Choose one of David Robinson’s tidytuesday screencasts, watch the video, and summarise. https://www.youtube.com/channel/UCeiiqmVK07qhY-wvg3IZiZQ
You must follow the instructions below to get credits for this assignment.
The title of the screencast is called, Tidy Tuesday Screencast: analyzing car fuel efficiency in R
It was published on October 15, 2019
Hint: What’s the source of the data; what does the row represent; how many observations?; what are the variables; and what do they mean? There are 41,804 observations, and the variables include cylinders, displacement, drive (awd, rwd fwd), engine id, FE score, make, model, city miles per gallon ect. All the variables contribute to how the car ends up being on the level of efficiency.
Hint: For example, importing data, understanding the data, data exploration, etc. Dave first imported the data and took a look at to see what he knows about the car data just by taking a look. He then found the key for each variable and began going over them so he can understand the data better. He then began to take certain variables and searching them to make his own table so he could better understand it and see the data he wanted to see. He then asked the question of, how does highway and city efficiency relate? He then made a scatter plot to compare the 2.He then gives all cars that do not use electricity the color red and the electric use cars blue. We then see how the electric use car way more fuel efficient that the non electric use cars. He then separated them into their own scatterplots. He then put the data into box plots, based on cars size and efficiency. Then he did it based off of drive (awd, fwd, ect). He then does another blow plot based off of number of cylinders the car has and see’s that the more cylinders, the lower the efficiency. The does it for engine displacement and can see that the more displacement the the worse the efficiency. Using these tools, he was able to understand the data and began to start to predict some of the data outcomes that he wanted to know.
Yes, Dave used ggplot to make a scatter plot just like we where taught in class. He used the scatter plot to compare highway fuel efficiency to city fuel efficiency. Using the graph he was able to determine that there was a correlation between the two, just how to do in class when we look at the scatterplots. He then gives variables colors just how do in class to see the data set easier. This lets him and us understand what we are looking at better.
The major finding based from the analysis is, that the more displacement and cylinders then the less fuel efficient the car is. We find this out through many different scatter plots and box plots. These all support the findings leading to our conclusion that the bigger the cars engine, then the worse gas mileage they get. At the end we also look at how cars have become more fuel efficient as they get more modern, however the same still apply being the bigger the engine then the worse the mileage. We also see that mid size and large cars had big improvements in gas mileage since 2010, which comes from the companies making the cars engine smaller and less cylinders.

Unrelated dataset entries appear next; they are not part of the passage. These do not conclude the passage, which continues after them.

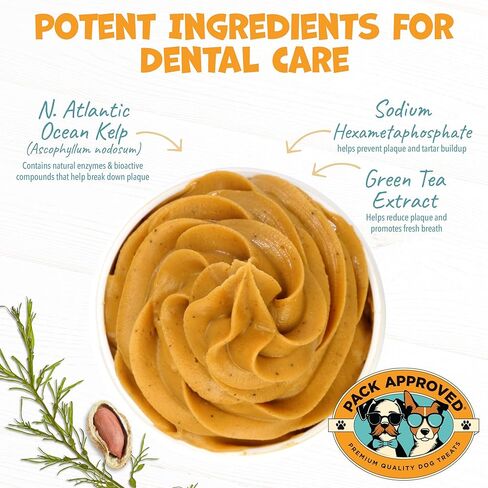 Dog Peanut Butter - with Prebiotic and Probiotic for Dogs to Boost Gut Health - Supports Digestive Support and Immune Support - Peanut Butter Treats - Gut Health (8.46oz) in Kuwait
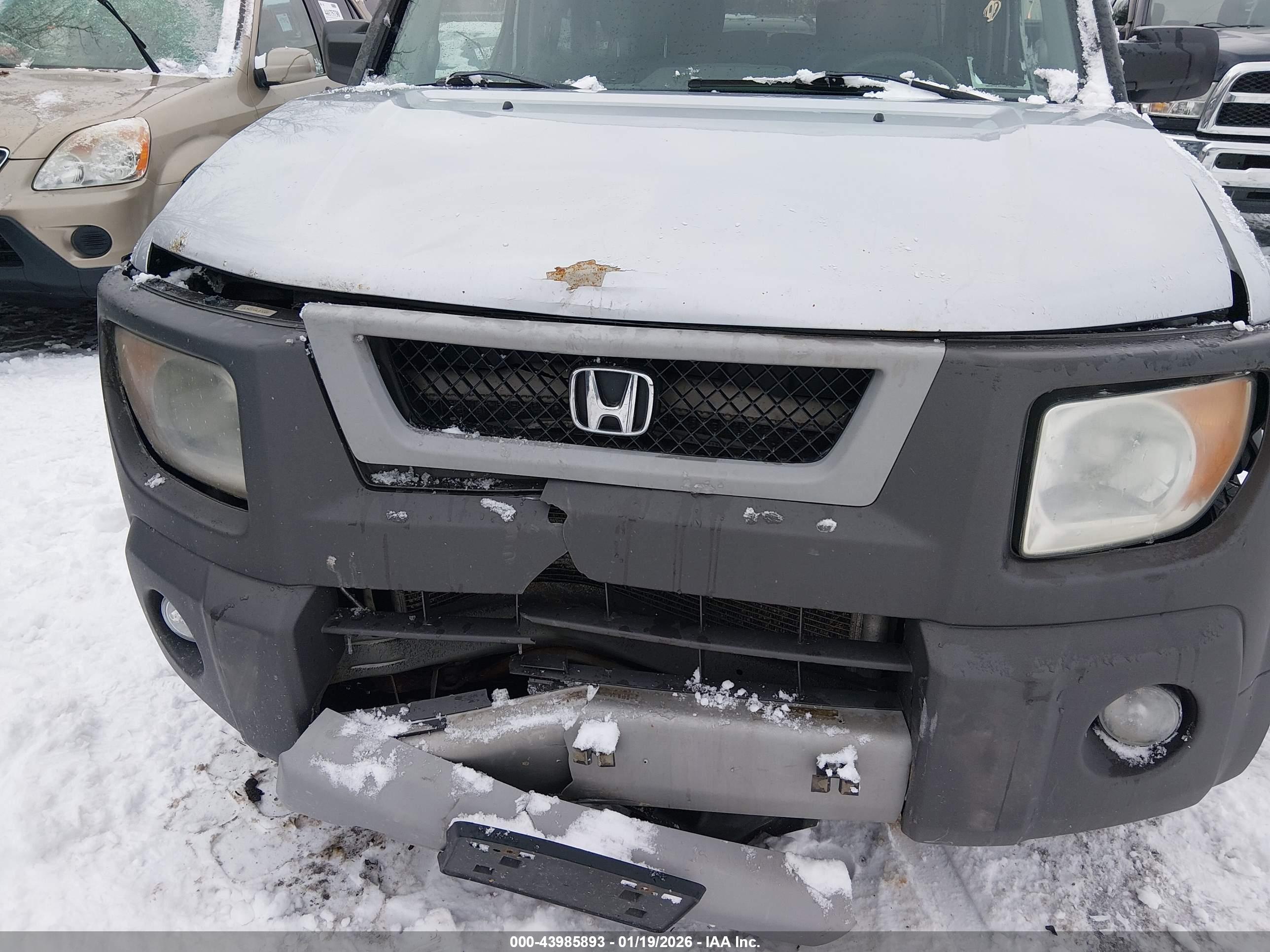 HONDA ELEMENT image 6
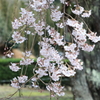 枝垂れ１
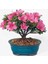 Murat Tohum Bodur Bonsai Orkide Ağacı Tohumu Ekim Seti 5 Adet Tohum + Saksı + Toprak 3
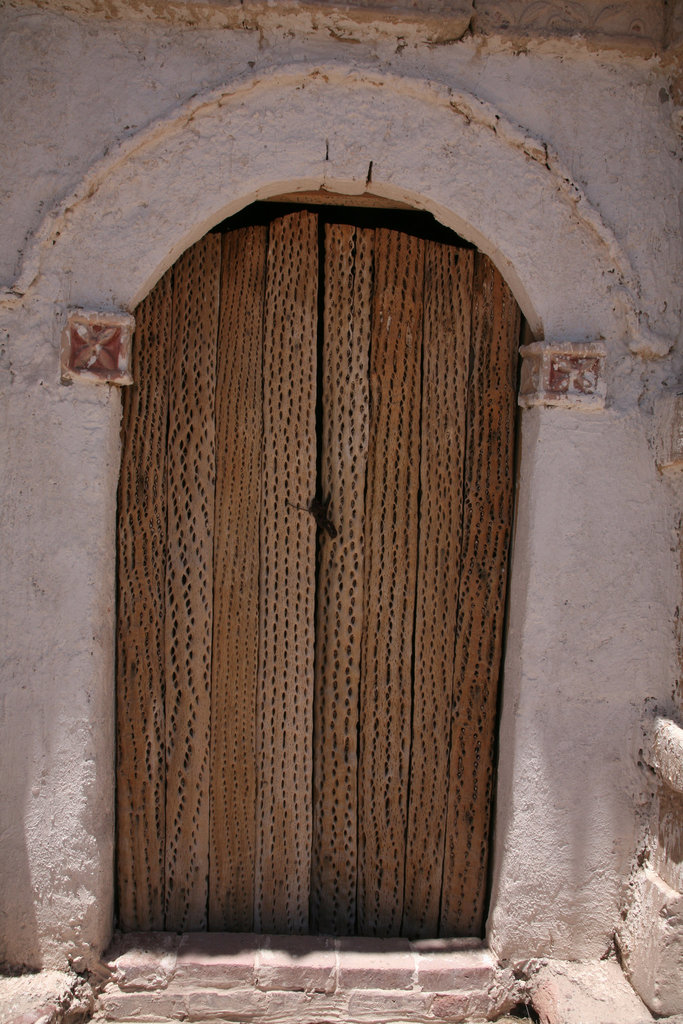 Door made from sliced cactus stem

The most interesting part for me was when he used the scatter plot and put it into red (non electric use cars) and blue (electric use cars). This is because I have always non that electric use cars are more fuel efficient but I never really knew how more efficient they were. The scatter plot showed me how big of a difference they make and I was amazed to see it. This gave me a way better understanding of electric use cars and gives makes me give them more application.